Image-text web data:
==*==
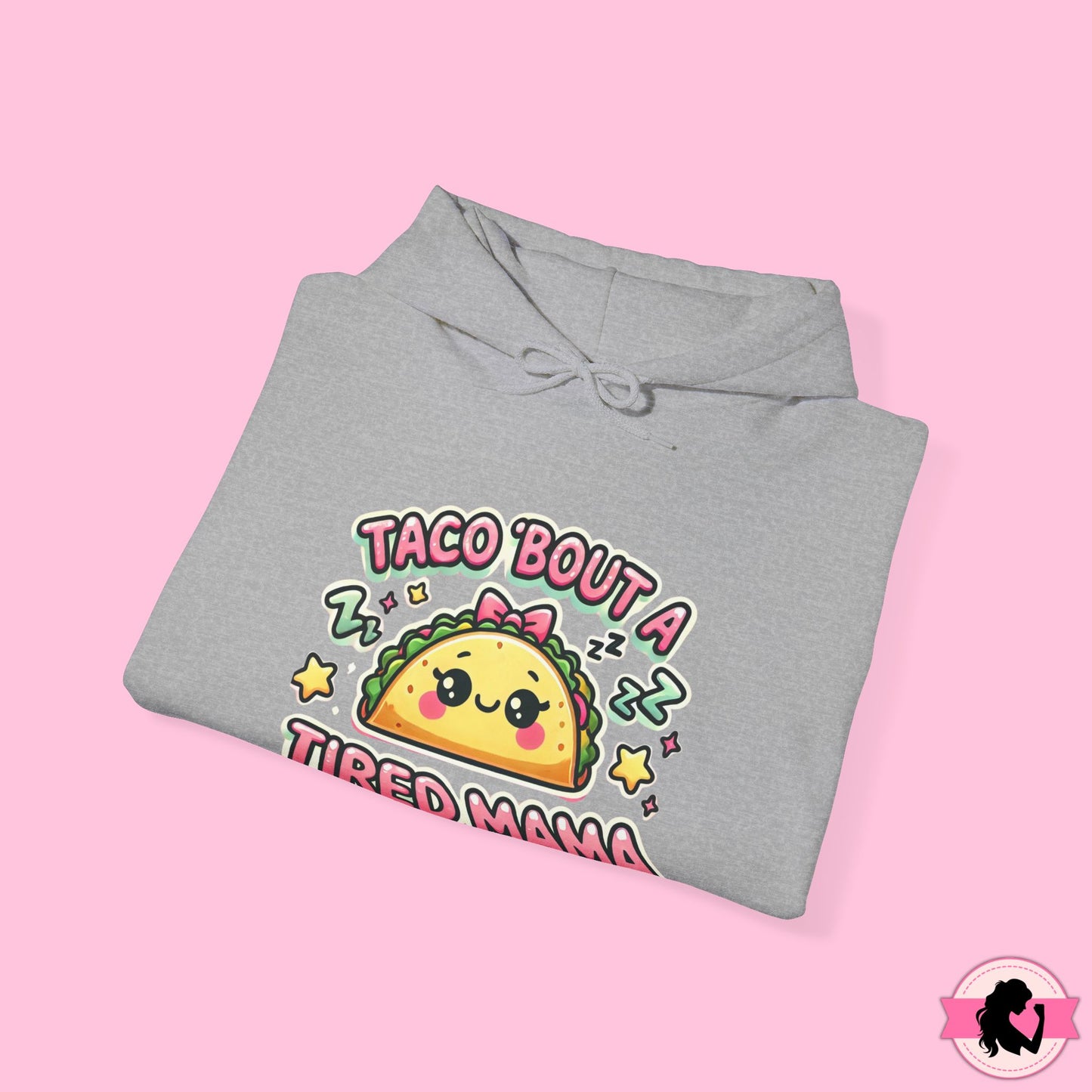 Taco Bout A Tired Mama Hoodie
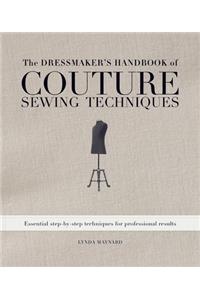 The Dressmaker's Handbook of Couture Sewing Techniques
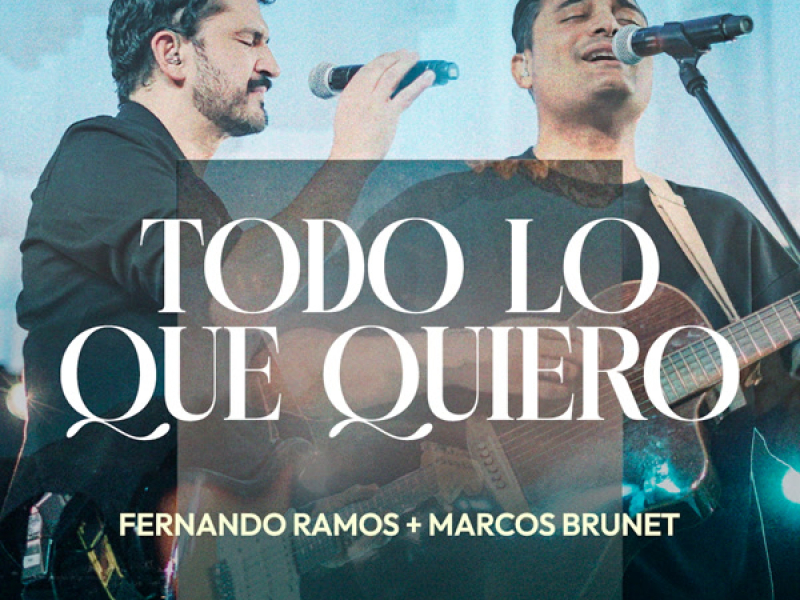 TODO LO QUE QUIERO (Single)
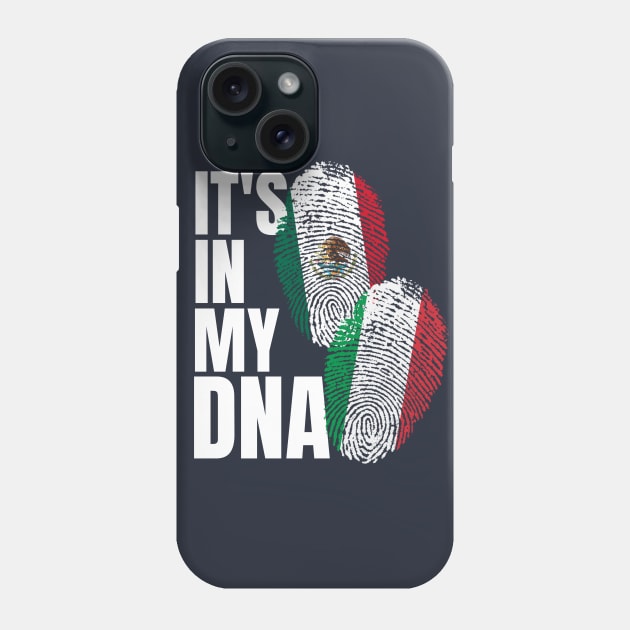 Mexican Plus Italian Mix DNA Flag Heritage Gift Phone Case by Just Rep It!!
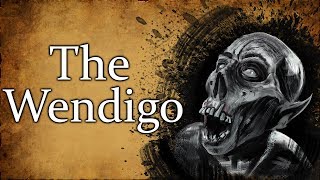 Wendigo The Cannibalistic Spirit of Native American Folklore [upl. by Atalanta]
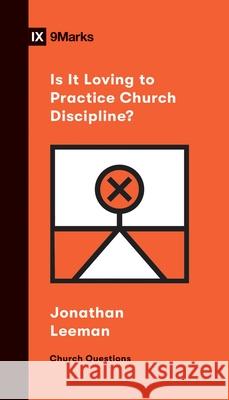 Is It Loving to Practice Church Discipline?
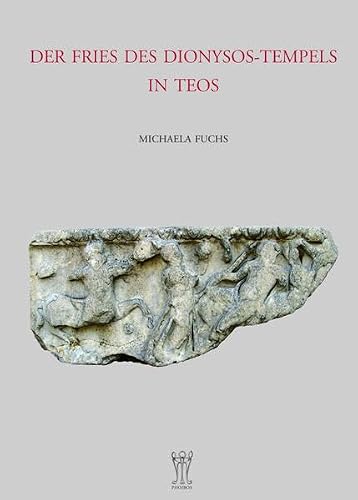 Der Fries des Dionysos-Tempels in Teos - Michaela Fuchs Gebunden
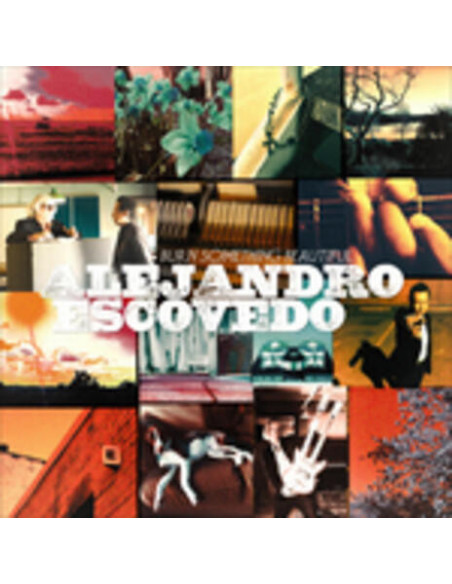 Escovedo Alejandro - Burn Something Beautiful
==*==
REQUIRED ACTION >> Reproduce each entry precisely. Leave the pictures out.

TASK RESPONSE >>
 Taco Bout A Tired Mama Hoodie
 The Dressmaker's Handbook of Couture Sewing Techniques
 TODO LO QUE QUIERO (Single)
 Mexican Plus Italian Mix DNA Flag Heritage Gift Phone Case by Just Rep It!!
 Wendigo The Cannibalistic Spirit of Native American Folklore [upl. by Atalanta]
 Is It Loving to Practice Church Discipline?
 Der Fries des Dionysos-Tempels in Teos - Michaela Fuchs Gebunden
 Escovedo Alejandro - Burn Something Beautiful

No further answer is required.